“少假惺惺的!”林可可情緒激動,“云知羽,你騙得了其他人,你騙得過我這個每天跟你待在一起的人嗎?以你的雜技水平,根本就不需要來我們蜀藝凌云。你為什么來?又為什么做低姿態來教陸棲川一個不是綢吊演員的人上綢吊?你,才是我們雜技團里最大的禍害。”
云知羽忍無可忍,掐住了林可可的下巴:“等我們回去了,你再跟我嘰嘰歪歪這些。現在,跟我們走。
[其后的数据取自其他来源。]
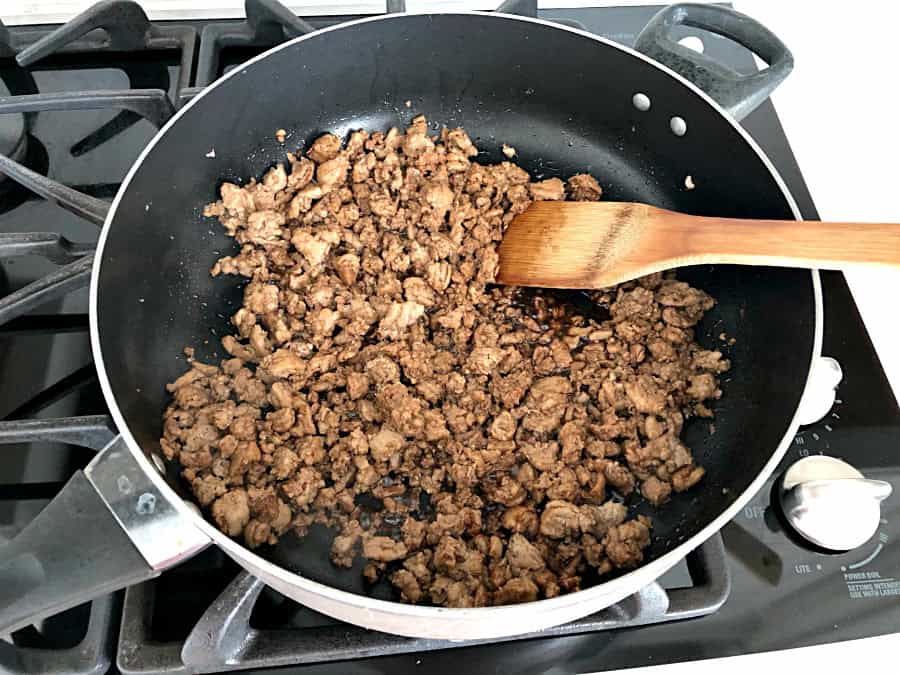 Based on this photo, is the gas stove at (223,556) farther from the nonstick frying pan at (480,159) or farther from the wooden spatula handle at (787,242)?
the wooden spatula handle at (787,242)

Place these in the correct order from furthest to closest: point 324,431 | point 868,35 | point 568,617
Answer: point 868,35 → point 324,431 → point 568,617

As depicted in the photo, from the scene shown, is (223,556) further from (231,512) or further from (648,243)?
(648,243)

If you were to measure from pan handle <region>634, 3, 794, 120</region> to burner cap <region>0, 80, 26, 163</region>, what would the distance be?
3.10 ft

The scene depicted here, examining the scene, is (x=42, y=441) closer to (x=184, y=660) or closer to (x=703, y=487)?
(x=184, y=660)

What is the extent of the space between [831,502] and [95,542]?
0.77m

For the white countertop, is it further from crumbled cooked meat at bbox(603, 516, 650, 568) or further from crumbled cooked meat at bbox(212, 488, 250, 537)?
crumbled cooked meat at bbox(212, 488, 250, 537)

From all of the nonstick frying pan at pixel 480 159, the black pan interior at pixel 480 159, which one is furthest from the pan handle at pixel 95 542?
the black pan interior at pixel 480 159

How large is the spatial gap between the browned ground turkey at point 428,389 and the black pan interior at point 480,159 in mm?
36

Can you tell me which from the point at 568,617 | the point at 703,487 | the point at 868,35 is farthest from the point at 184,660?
the point at 868,35

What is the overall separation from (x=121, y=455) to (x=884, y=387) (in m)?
0.93

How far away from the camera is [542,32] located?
113cm

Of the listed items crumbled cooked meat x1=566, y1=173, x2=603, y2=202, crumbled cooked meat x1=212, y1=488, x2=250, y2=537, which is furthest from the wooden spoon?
crumbled cooked meat x1=212, y1=488, x2=250, y2=537

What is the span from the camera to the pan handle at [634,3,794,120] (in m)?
1.04

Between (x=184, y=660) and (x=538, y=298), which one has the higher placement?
(x=538, y=298) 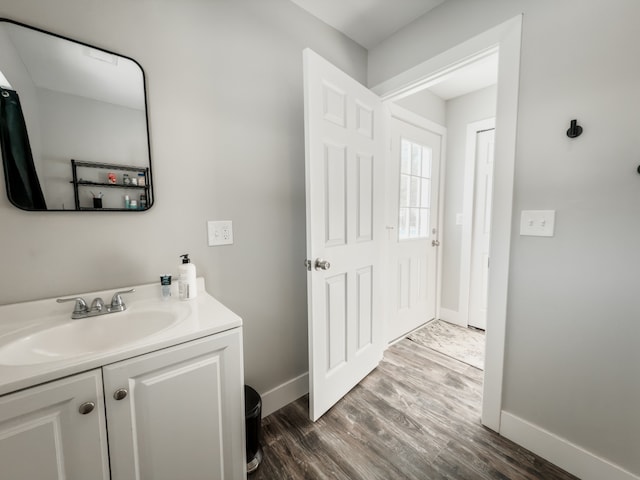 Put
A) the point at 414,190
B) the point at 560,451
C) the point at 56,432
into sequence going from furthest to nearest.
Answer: the point at 414,190
the point at 560,451
the point at 56,432

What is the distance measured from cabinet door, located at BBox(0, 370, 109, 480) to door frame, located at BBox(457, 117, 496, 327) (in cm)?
285

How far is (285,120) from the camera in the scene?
1521mm

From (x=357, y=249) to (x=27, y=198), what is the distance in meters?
1.50

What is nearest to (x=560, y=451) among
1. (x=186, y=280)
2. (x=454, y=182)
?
(x=186, y=280)

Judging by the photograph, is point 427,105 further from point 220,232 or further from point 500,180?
point 220,232

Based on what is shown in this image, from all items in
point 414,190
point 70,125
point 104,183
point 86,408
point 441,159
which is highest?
point 441,159

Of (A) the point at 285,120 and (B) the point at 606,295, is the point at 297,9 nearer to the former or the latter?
(A) the point at 285,120

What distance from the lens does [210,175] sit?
Result: 1275 millimetres

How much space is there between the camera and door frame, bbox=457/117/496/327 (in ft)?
8.26

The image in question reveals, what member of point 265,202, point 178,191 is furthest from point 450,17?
point 178,191

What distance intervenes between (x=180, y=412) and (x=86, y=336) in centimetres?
45

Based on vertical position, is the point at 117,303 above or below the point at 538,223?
below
”
林可可不僅不聽云知羽的,反而用盡了全身的力氣猛地推了她一把。
云知羽就站在河邊,被林可可這么一推,身體失去平衡,往后倒了下去,“撲通”一聲掉進了湄公河里。
河水很深,水流也急。云知羽掉進水里后,掙扎著浮出水面,嗆了好幾口河水。
陸棲川一看,想都沒想就要往河水里跳。林可可卻拉住他,喊道:“棲川哥!你不可以跳下去!跳下去會死人的。水下面是漩渦,沒人能活著上來。”
“她根本就不是什么好人,不值得你這樣……”
林可可還沒說完,陸棲川就掙開了她的手,跳進了河里。
河水剛沒過胸口就卷著一股蠻力往陸棲川身上撞。
還好陸棲川早有準備,入水瞬間收緊核心,雙腿很努力地蹬著,借著反作用力朝云知羽的方向沖。
云知羽浮起的位置正處在一道肉眼難辨的暗流邊緣,她越掙扎就越被往河中央的漩渦帶。
如果云知羽放松身體,或許還要好一些,可是,沒有人能在不會水且溺水的情況下控制得住掙扎的本能。她雙手在水面亂抓,反而嗆得更厲害,身體跟著往下沉。
陸棲川猛地加快速度,眼看距離拉近,腳下突然踩空。他順勢蜷起身體,借著水流的推力向前翻滾,伸手精準抓住了云知羽的手。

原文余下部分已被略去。